■ **Task details**:
Quote the records that follow in full and exactly; leave out the pictures.
═══ Given entries
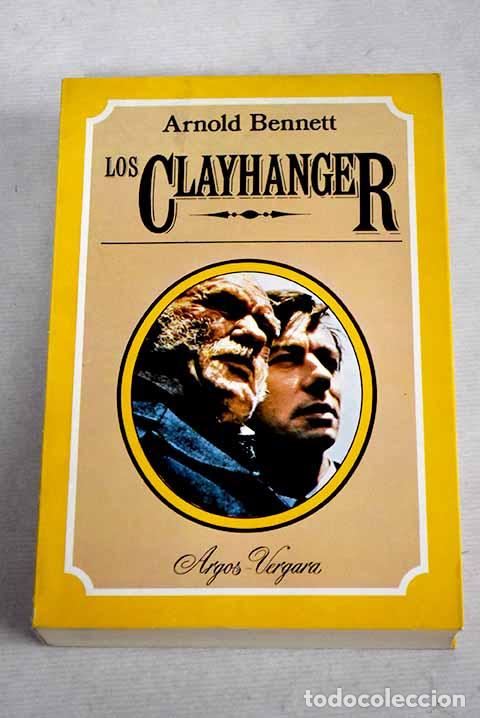 Libros: Los Clayhanger: Bennett, Arnold.- Bennett, Arnold - Foto 1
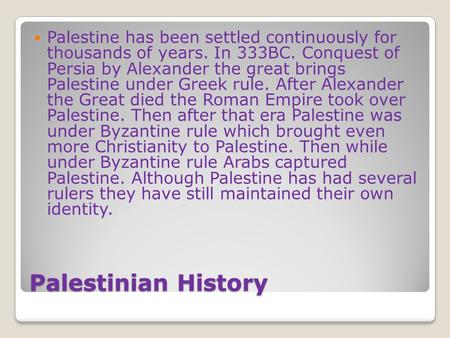 Palestinian History Palestine has been settled continuously for thousands of years. In 333BC. Conquest of Persia by Alexander the great brings Palestine.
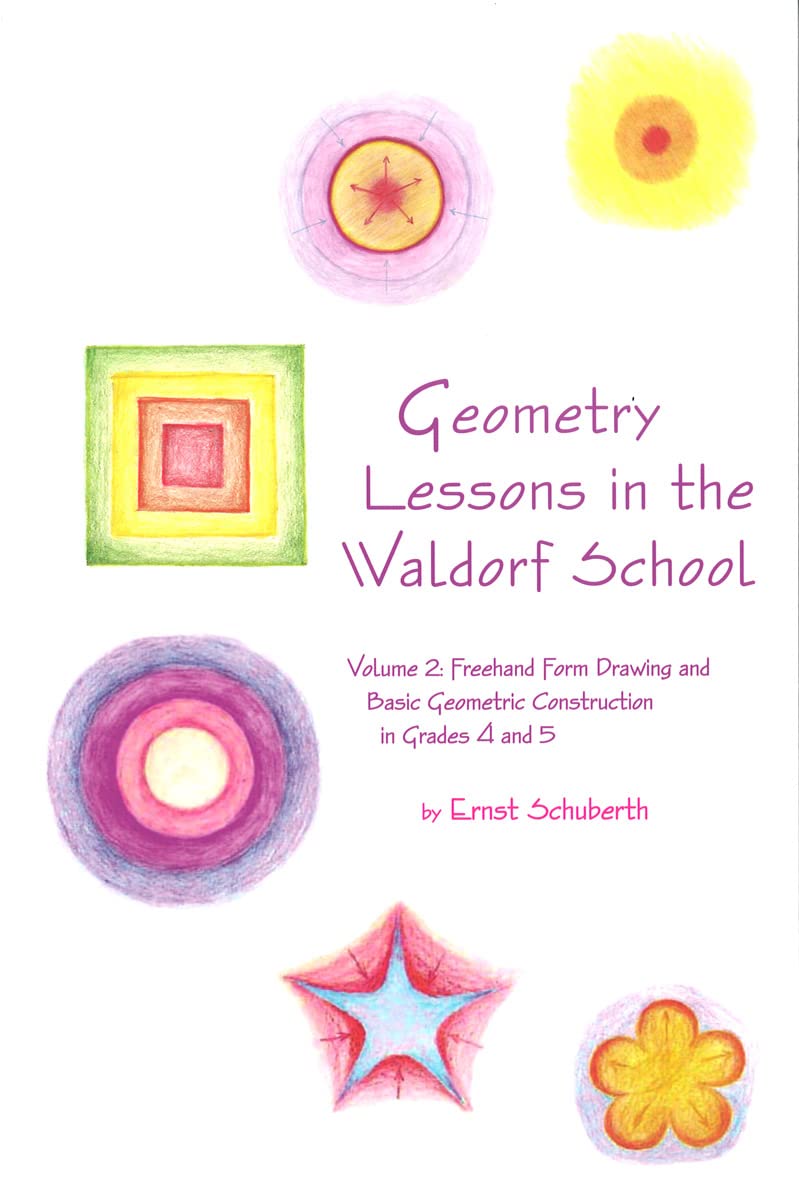 Geometry Lessons in the Waldorf School Grades 4 & 5: Freehand Form Drawing and Basic Geometric Construction in Grades 4 and 5: Volume 2: Freehand Form ... Waldorf Elementary School Curriculum, Band 2) Education & Training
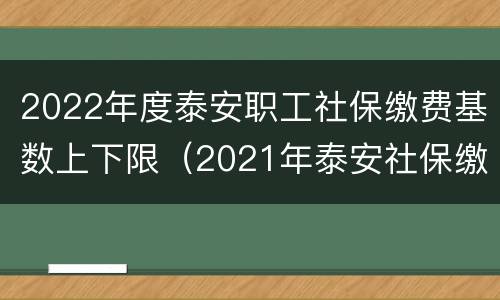 2022年度泰安职工社保缴费基数上下限（2021年泰安社保缴费比例）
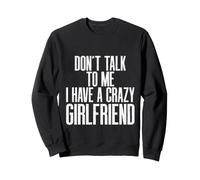 Don't Talk to Me I Have A Crazy Girlfriend Vintage Couple Sweatshirt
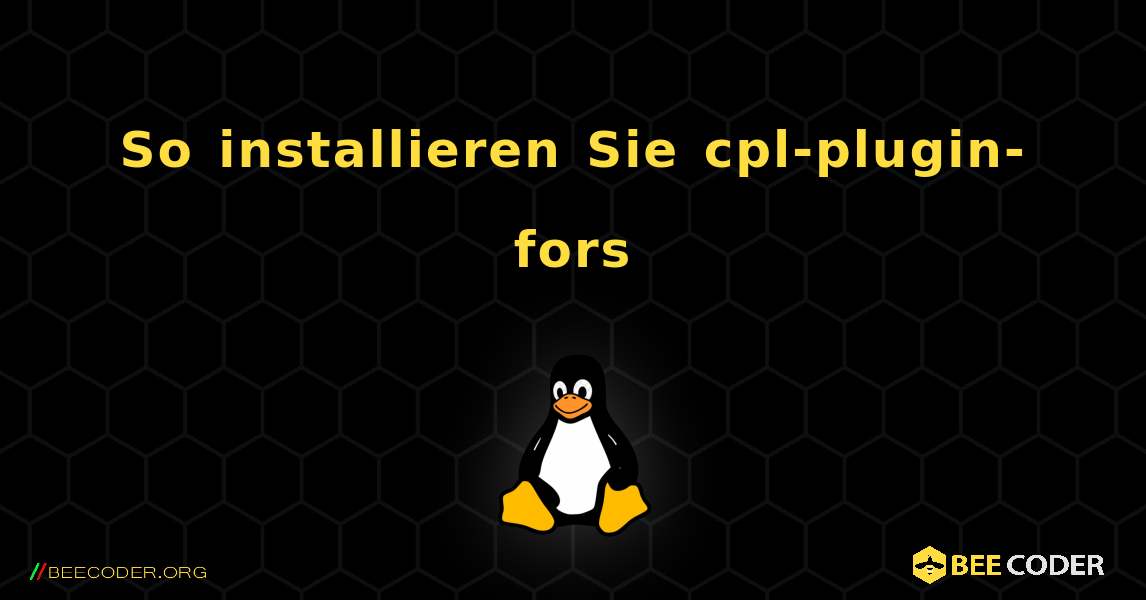 So installieren Sie cpl-plugin-fors . Linux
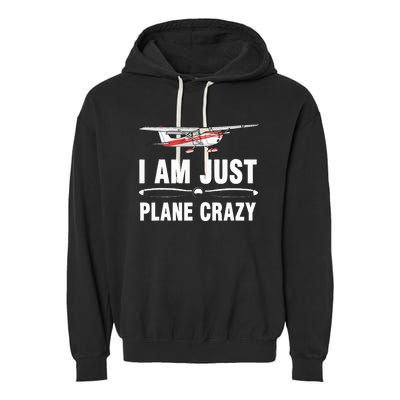 I Am Just Plane Crazy Airplane Plane Pilot Garment-Dyed Fleece Hoodie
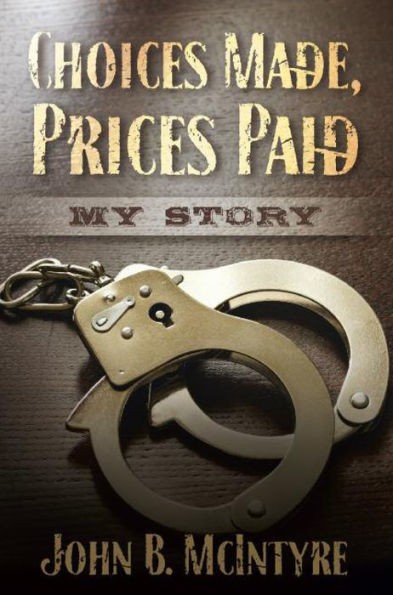 Choices Made Prices Paid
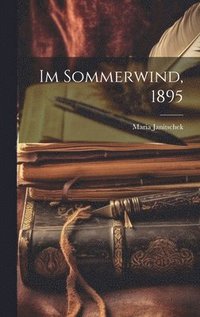 bokomslag Im Sommerwind, 1895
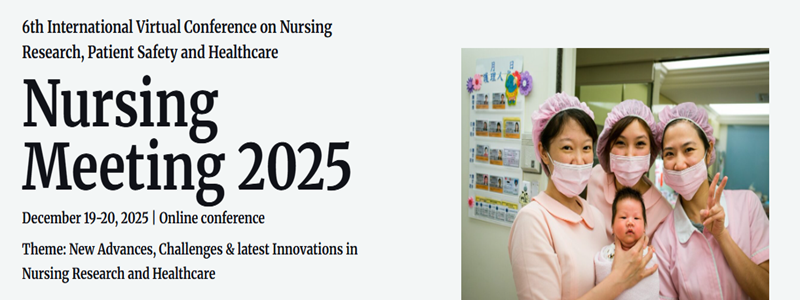 6th International Virtual Conference on Nursing Research, Patient Safety and Healthcare (Nursing Meeting 2025)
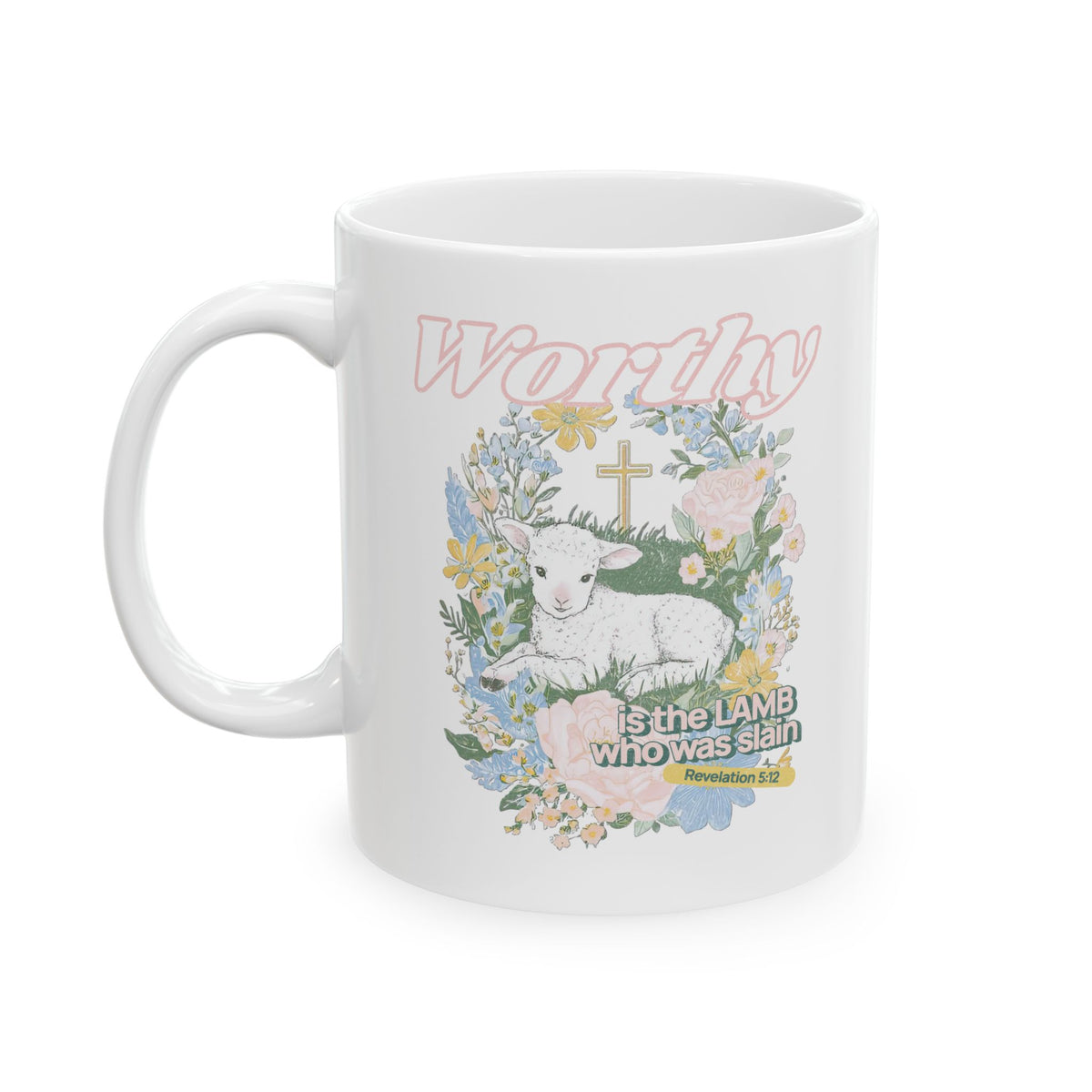 Worthy is the Lamb Who Was Slain Christian Ceramic Mug Coffee Cup (11oz & 15oz)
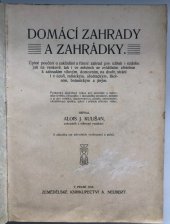 kniha Domácí zahrady a zahrádky. úplné pouč. o zaklád. a říz. zahrad pro užitek i ozdobu jak na venkově, tak i ve městech se zvláštním zřetelem k zahradám vilovým, domovním, na dvoře, stráni i údolí, rolnickým, úřednickým, školním, botanickým a jiným : Prakt. podrob. rádce ..., Alois Neubert 1916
══════
■ **Written solution**:
 Libros: Los Clayhanger: Bennett, Arnold.- Bennett, Arnold - Foto 1
 Palestinian History Palestine has been settled continuously for thousands of years. In 333BC. Conquest of Persia by Alexander the great brings Palestine.
 Geometry Lessons in the Waldorf School Grades 4 & 5: Freehand Form Drawing and Basic Geometric Construction in Grades 4 and 5: Volume 2: Freehand Form ... Waldorf Elementary School Curriculum, Band 2) Education & Training
 2022年度泰安职工社保缴费基数上下限（2021年泰安社保缴费比例）
 Don't Talk to Me I Have A Crazy Girlfriend Vintage Couple Sweatshirt
 So installieren Sie cpl-plugin-fors . Linux
 I Am Just Plane Crazy Airplane Plane Pilot Garment-Dyed Fleece Hoodie
 Choices Made Prices Paid
 bokomslag Im Sommerwind, 1895
 6th International Virtual Conference on Nursing Research, Patient Safety and Healthcare (Nursing Meeting 2025)
 Worthy is the Lamb Who Was Slain Christian Ceramic Mug Coffee Cup (11oz & 15oz)
 kniha Domácí zahrady a zahrádky. úplné pouč. o zaklád. a říz. zahrad pro užitek i ozdobu jak na venkově, tak i ve městech se zvláštním zřetelem k zahradám vilovým, domovním, na dvoře, stráni i údolí, rolnickým, úřednickým, školním, botanickým a jiným : Prakt. podrob. rádce ..., Alois Neubert 1916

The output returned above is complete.